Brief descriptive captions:
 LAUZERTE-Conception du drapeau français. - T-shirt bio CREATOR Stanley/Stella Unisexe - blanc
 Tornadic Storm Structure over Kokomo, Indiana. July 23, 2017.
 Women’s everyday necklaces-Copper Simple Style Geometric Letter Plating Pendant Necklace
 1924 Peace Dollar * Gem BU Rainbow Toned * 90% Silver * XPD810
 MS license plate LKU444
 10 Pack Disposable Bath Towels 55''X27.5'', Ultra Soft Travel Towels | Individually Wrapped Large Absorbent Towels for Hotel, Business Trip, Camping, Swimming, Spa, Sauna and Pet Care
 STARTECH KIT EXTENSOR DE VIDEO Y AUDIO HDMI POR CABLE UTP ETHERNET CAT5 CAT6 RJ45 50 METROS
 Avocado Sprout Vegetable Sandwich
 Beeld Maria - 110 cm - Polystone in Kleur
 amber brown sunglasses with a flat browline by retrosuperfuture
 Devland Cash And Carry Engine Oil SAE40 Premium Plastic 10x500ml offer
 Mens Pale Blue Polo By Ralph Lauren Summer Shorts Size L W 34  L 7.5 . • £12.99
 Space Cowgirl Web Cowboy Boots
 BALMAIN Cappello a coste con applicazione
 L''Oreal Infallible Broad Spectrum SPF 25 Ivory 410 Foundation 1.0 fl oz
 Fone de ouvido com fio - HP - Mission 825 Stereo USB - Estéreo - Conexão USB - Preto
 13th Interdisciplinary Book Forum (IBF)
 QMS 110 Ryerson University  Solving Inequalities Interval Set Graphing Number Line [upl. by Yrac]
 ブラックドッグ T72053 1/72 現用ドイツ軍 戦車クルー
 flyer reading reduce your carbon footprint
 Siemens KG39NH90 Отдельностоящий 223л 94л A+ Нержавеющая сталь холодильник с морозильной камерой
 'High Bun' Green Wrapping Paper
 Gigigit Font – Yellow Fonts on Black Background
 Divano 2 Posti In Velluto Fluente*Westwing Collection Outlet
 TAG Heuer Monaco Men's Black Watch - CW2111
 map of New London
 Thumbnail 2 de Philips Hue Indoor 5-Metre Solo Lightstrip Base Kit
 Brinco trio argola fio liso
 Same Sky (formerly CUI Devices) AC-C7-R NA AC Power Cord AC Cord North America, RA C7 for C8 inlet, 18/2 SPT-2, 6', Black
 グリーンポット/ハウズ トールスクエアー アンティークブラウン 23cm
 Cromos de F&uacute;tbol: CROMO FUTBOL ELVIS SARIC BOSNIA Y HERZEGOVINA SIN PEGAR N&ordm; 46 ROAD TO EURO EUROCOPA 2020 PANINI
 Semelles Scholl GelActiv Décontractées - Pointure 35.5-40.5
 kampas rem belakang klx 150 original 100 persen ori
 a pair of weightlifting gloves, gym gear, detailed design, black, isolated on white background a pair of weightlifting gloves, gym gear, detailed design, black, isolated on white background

**Exercise aim:** Repeat word for word the lines above that run from the line containing "Same Sky (formerly" through the line containing "kampas rem belakang", both ends included, and nothing else.

**Response box:**
 Same Sky (formerly CUI Devices) AC-C7-R NA AC Power Cord AC Cord North America, RA C7 for C8 inlet, 18/2 SPT-2, 6', Black
 グリーンポット/ハウズ トールスクエアー アンティークブラウン 23cm
 Cromos de F&uacute;tbol: CROMO FUTBOL ELVIS SARIC BOSNIA Y HERZEGOVINA SIN PEGAR N&ordm; 46 ROAD TO EURO EUROCOPA 2020 PANINI
 Semelles Scholl GelActiv Décontractées - Pointure 35.5-40.5
 kampas rem belakang klx 150 original 100 persen ori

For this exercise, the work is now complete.